* **Work required**: Take the entries below and reproduce exactly the portion that begins at the line containing "Boho Glam Mixed" and ends at the line containing "Christmas seamless pattern", keeping both ends, dropping pictures, and adding nothing else.

* **Information given**:

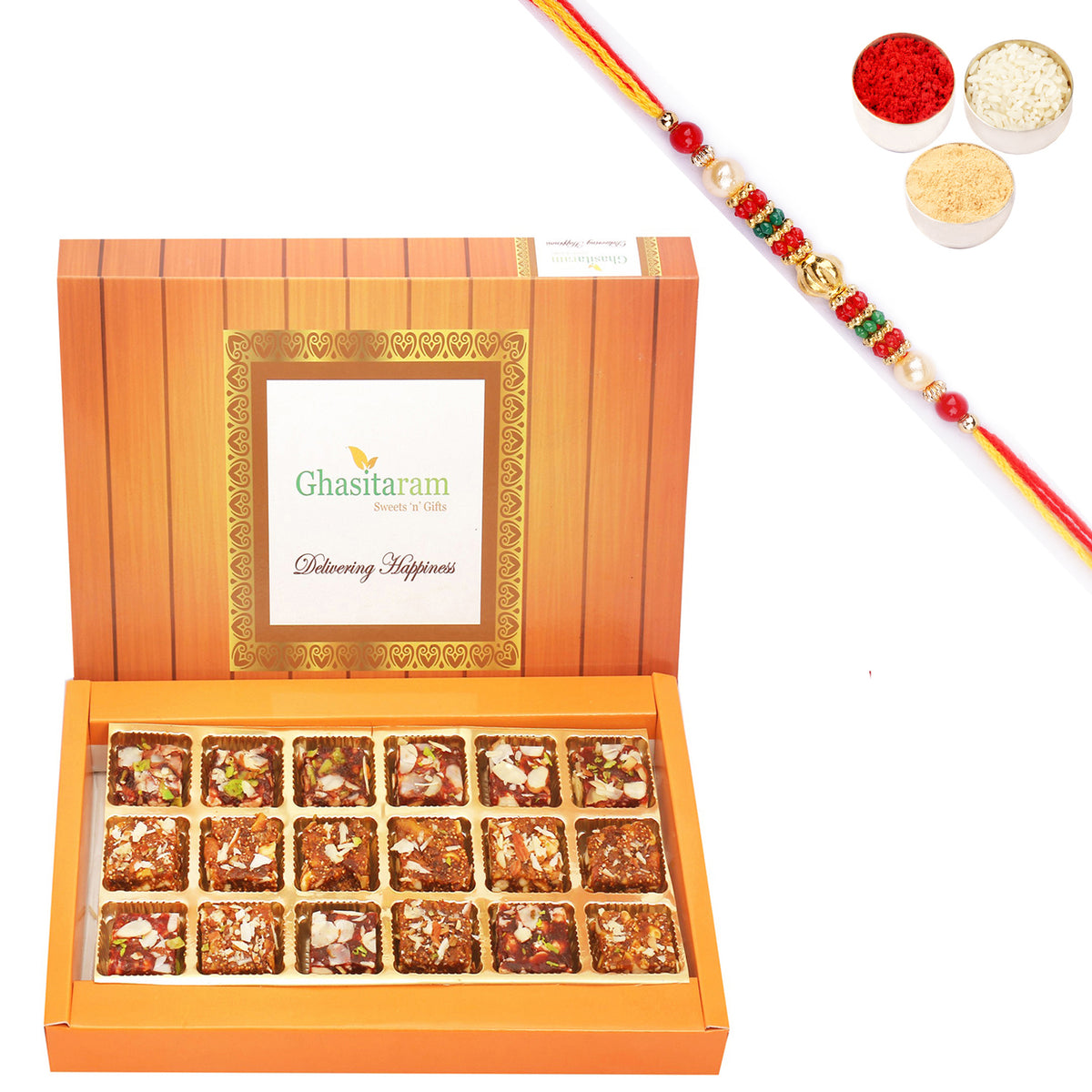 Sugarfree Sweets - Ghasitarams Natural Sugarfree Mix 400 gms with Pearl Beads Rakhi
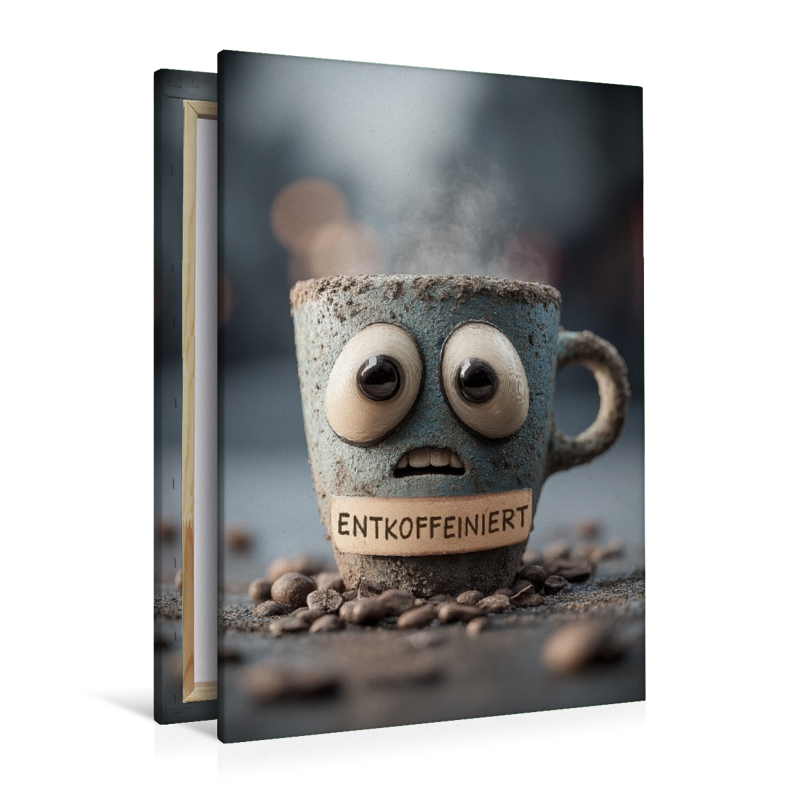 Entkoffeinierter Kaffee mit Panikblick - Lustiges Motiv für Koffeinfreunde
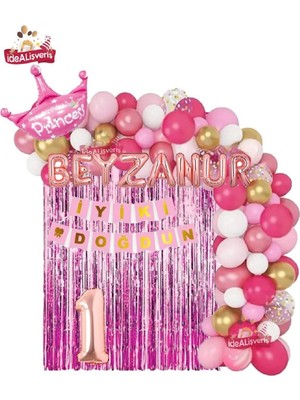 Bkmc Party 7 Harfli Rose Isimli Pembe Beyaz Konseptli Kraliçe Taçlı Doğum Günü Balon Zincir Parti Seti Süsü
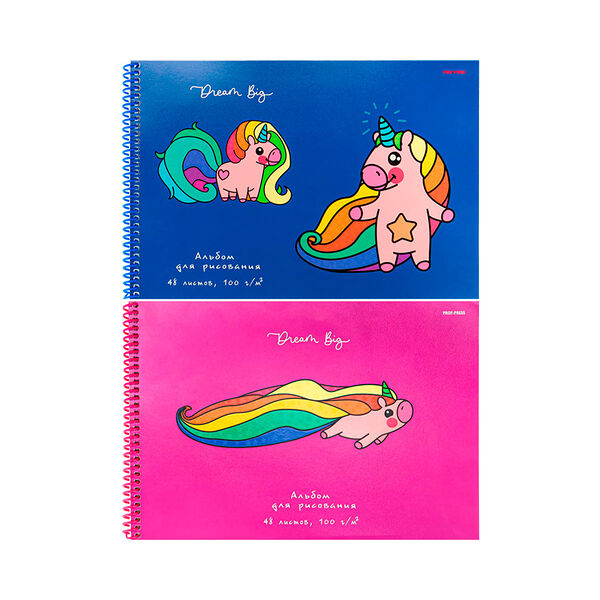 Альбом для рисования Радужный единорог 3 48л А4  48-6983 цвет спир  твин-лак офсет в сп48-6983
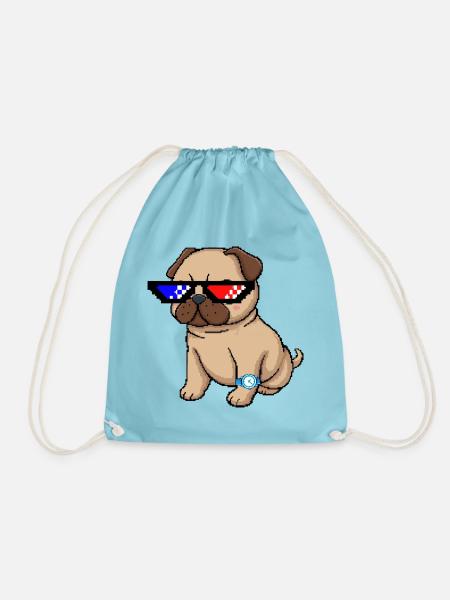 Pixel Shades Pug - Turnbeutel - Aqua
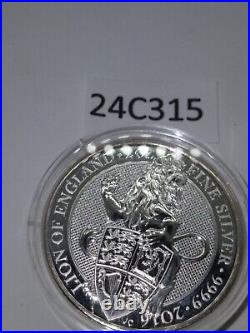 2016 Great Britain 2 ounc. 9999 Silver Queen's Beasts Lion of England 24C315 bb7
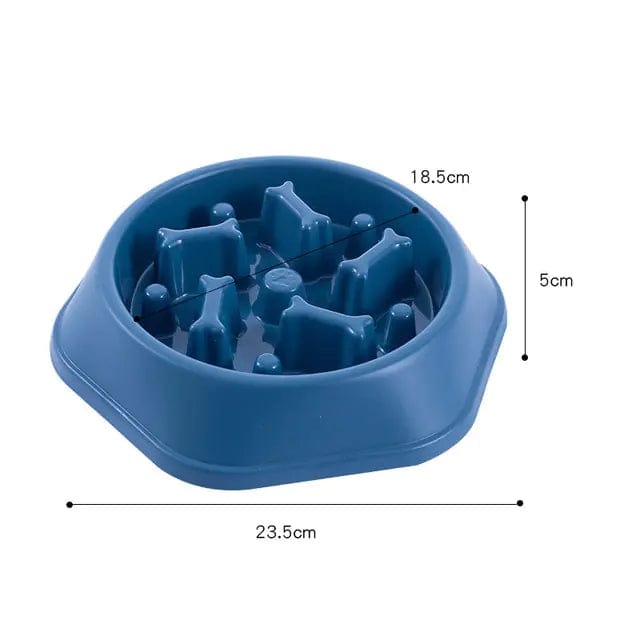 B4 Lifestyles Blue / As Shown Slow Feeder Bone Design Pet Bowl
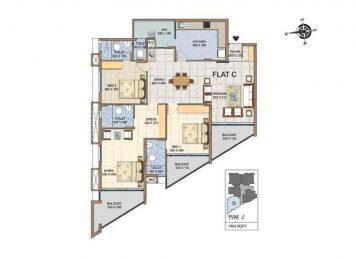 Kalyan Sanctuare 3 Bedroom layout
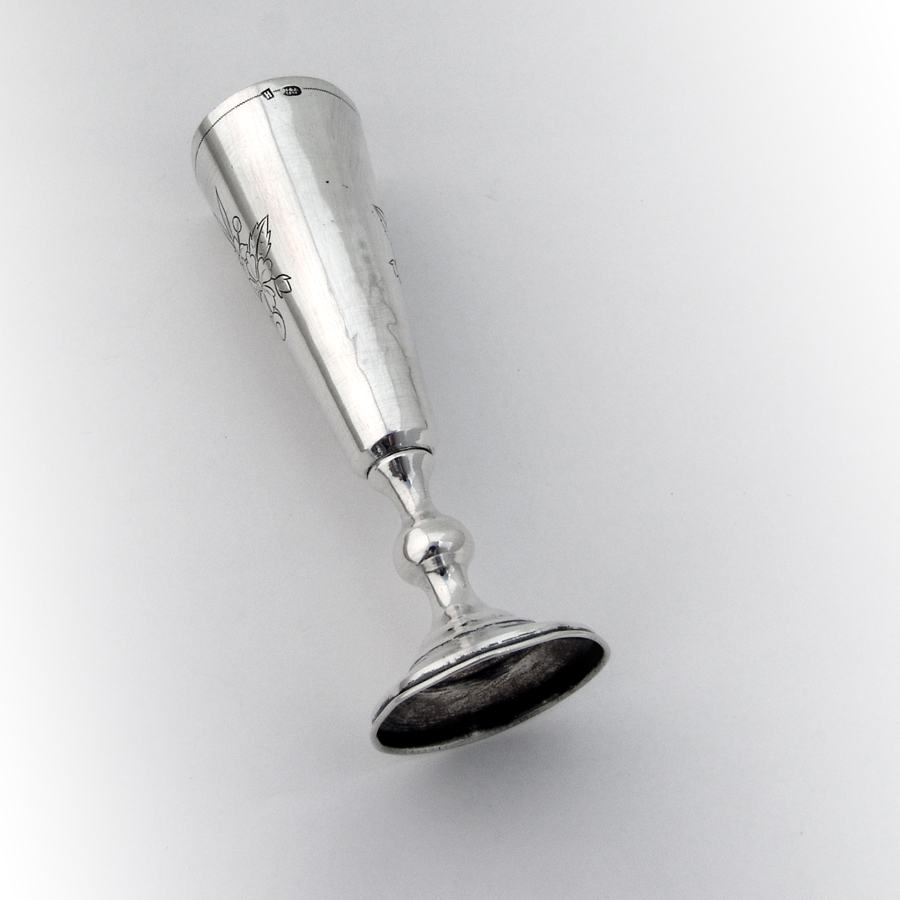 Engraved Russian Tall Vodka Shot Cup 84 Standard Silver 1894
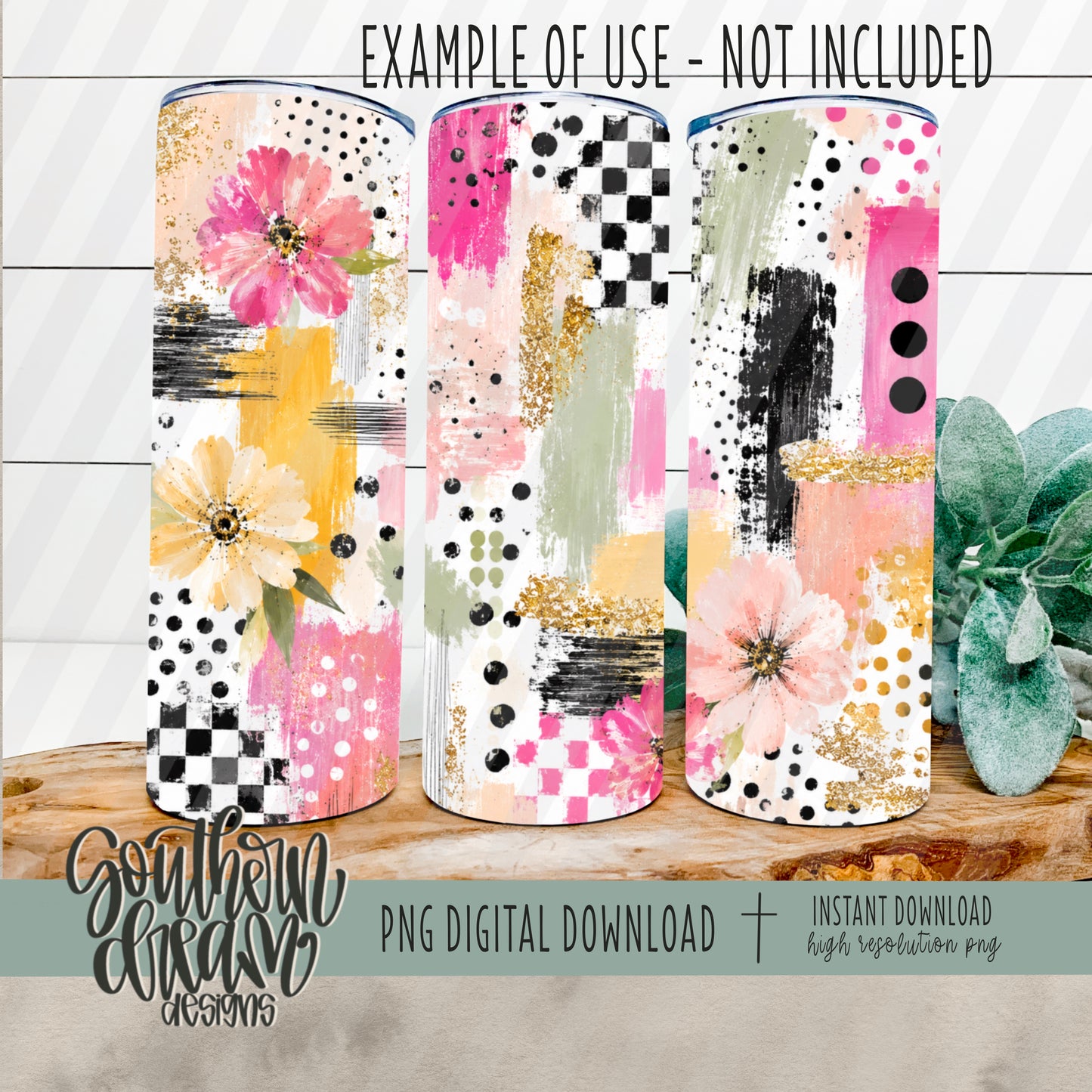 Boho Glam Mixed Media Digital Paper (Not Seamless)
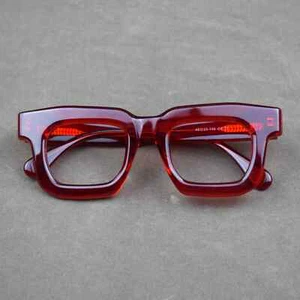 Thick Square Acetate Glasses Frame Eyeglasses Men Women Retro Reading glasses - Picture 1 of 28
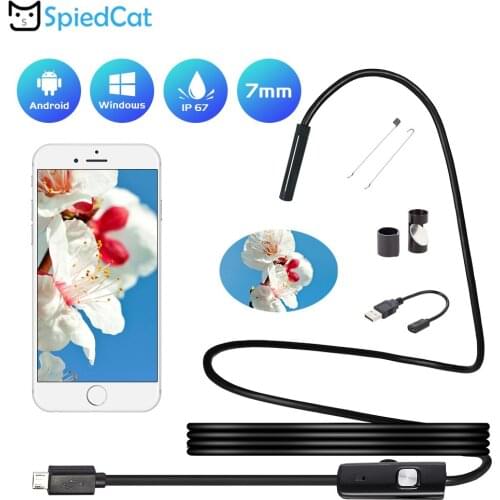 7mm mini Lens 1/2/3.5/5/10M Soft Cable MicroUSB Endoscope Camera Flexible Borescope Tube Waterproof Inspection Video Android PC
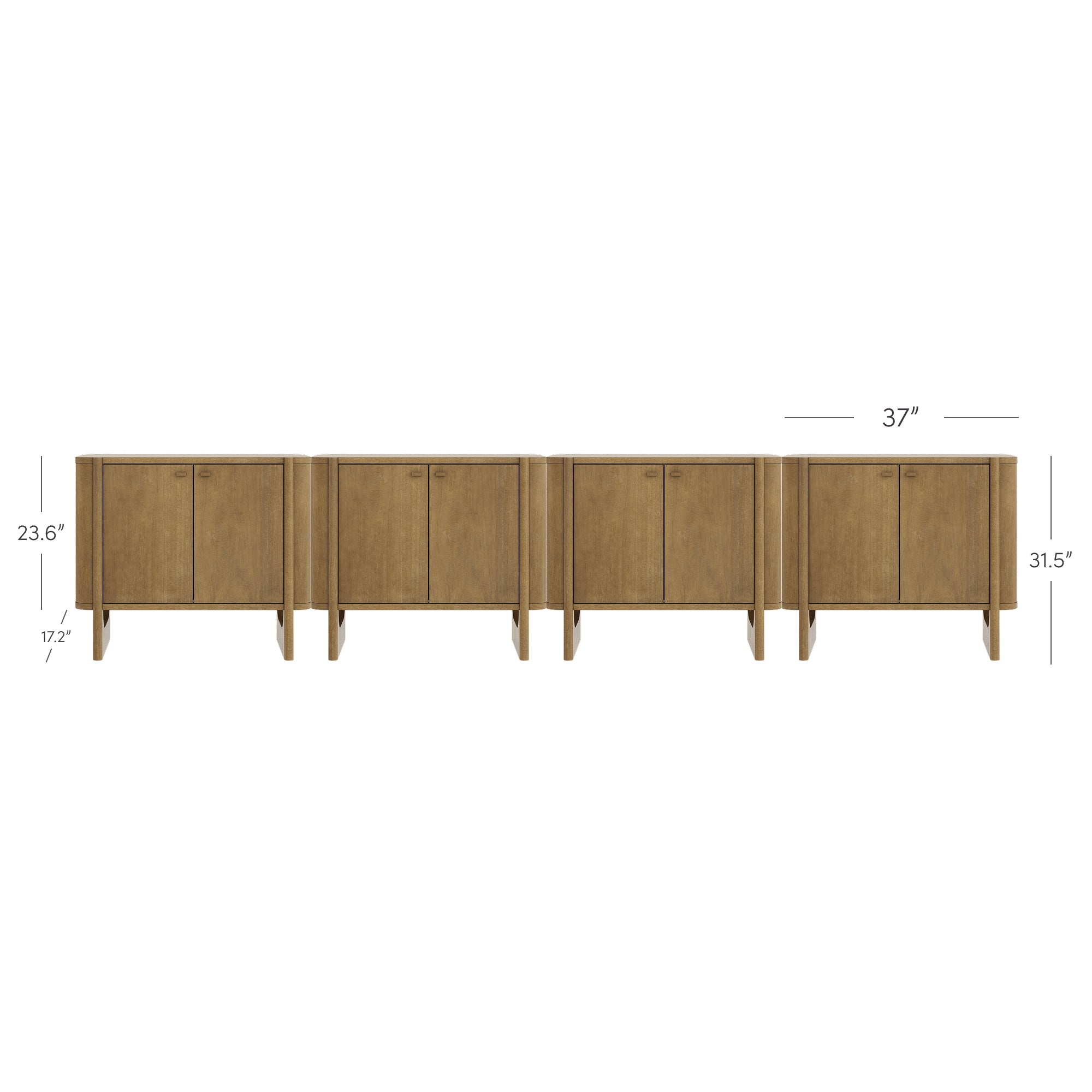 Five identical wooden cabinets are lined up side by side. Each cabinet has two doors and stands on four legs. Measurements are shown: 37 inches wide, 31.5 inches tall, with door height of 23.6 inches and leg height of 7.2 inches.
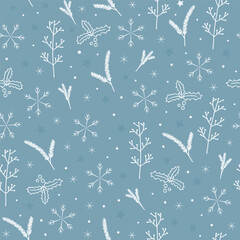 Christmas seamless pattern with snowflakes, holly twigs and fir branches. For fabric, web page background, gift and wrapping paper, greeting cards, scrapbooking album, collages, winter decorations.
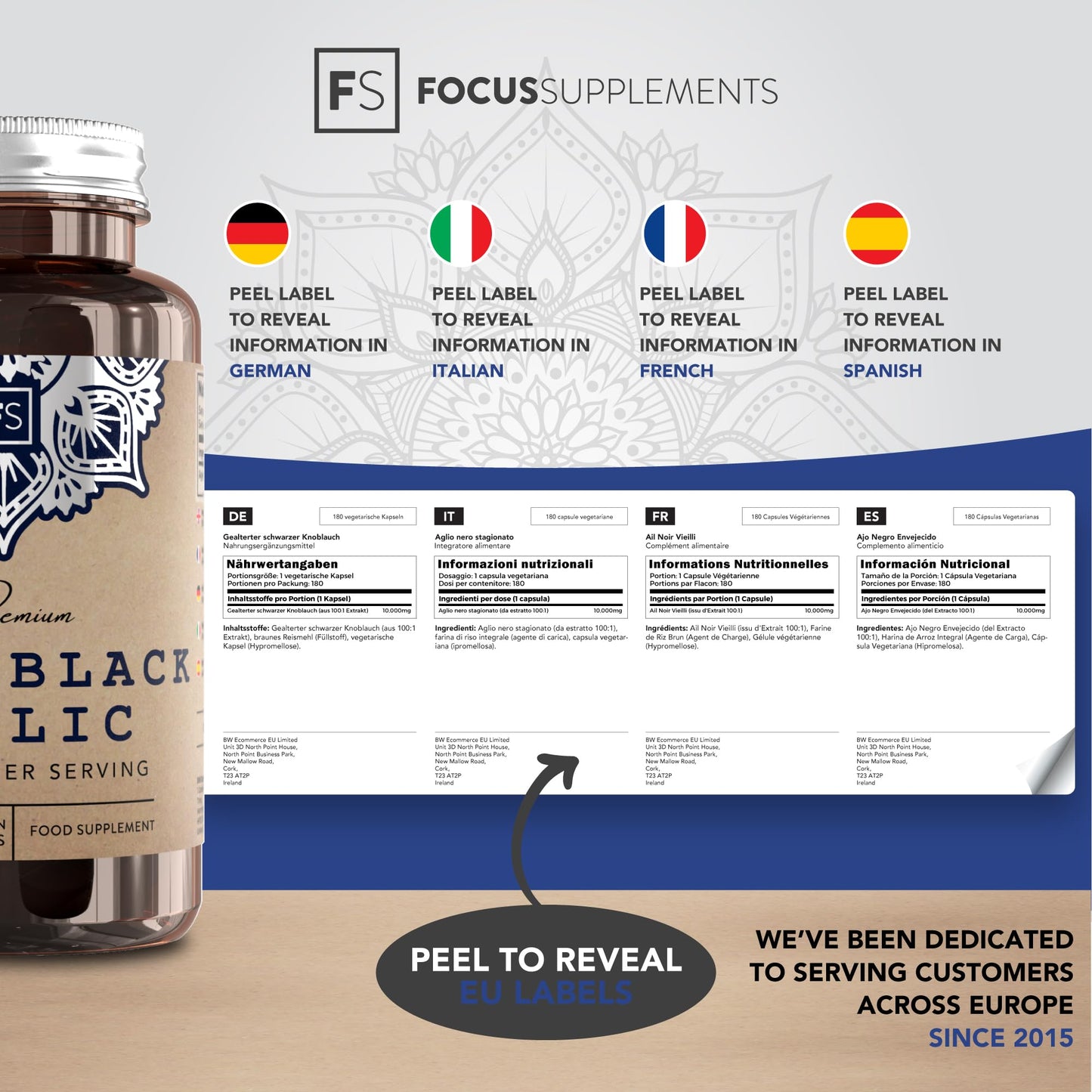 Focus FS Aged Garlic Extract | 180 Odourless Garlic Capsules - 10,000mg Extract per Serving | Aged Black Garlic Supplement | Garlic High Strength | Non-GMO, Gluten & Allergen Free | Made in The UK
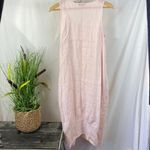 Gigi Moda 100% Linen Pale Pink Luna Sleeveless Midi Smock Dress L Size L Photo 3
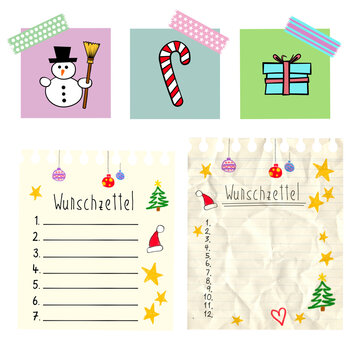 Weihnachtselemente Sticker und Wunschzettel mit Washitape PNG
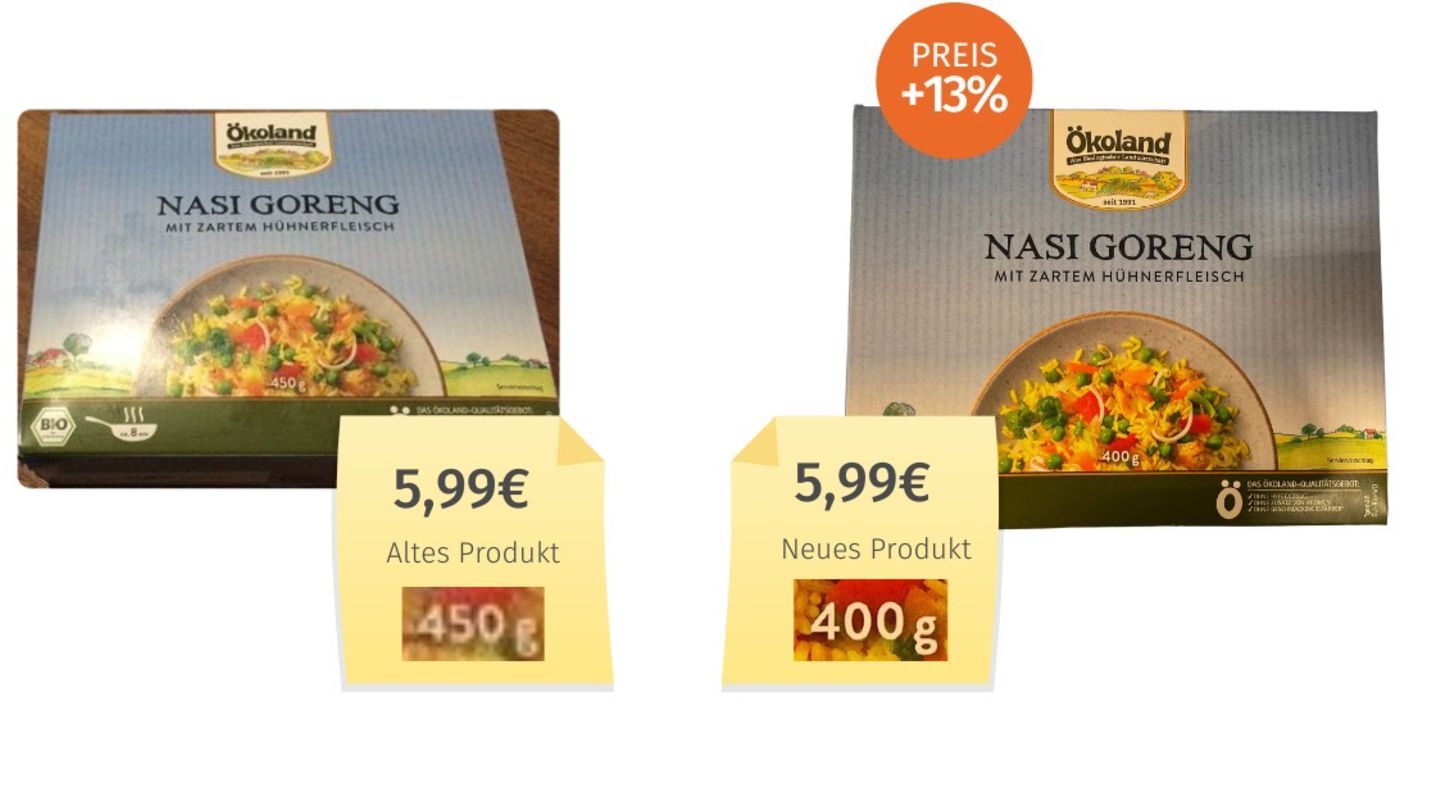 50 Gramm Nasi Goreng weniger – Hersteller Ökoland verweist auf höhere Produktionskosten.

* **Result for this exercise**:
 Boho Glam Mixed Media Digital Paper (Not Seamless)
 Thick Square Acetate Glasses Frame Eyeglasses Men Women Retro Reading glasses - Picture 1 of 28
 7mm mini Lens 1/2/3.5/5/10M Soft Cable MicroUSB Endoscope Camera Flexible Borescope Tube Waterproof Inspection Video Android PC
 Five identical wooden cabinets are lined up side by side. Each cabinet has two doors and stands on four legs. Measurements are shown: 37 inches wide, 31.5 inches tall, with door height of 23.6 inches and leg height of 7.2 inches.
 Christmas seamless pattern with snowflakes, holly twigs and fir branches. For fabric, web page background, gift and wrapping paper, greeting cards, scrapbooking album, collages, winter decorations.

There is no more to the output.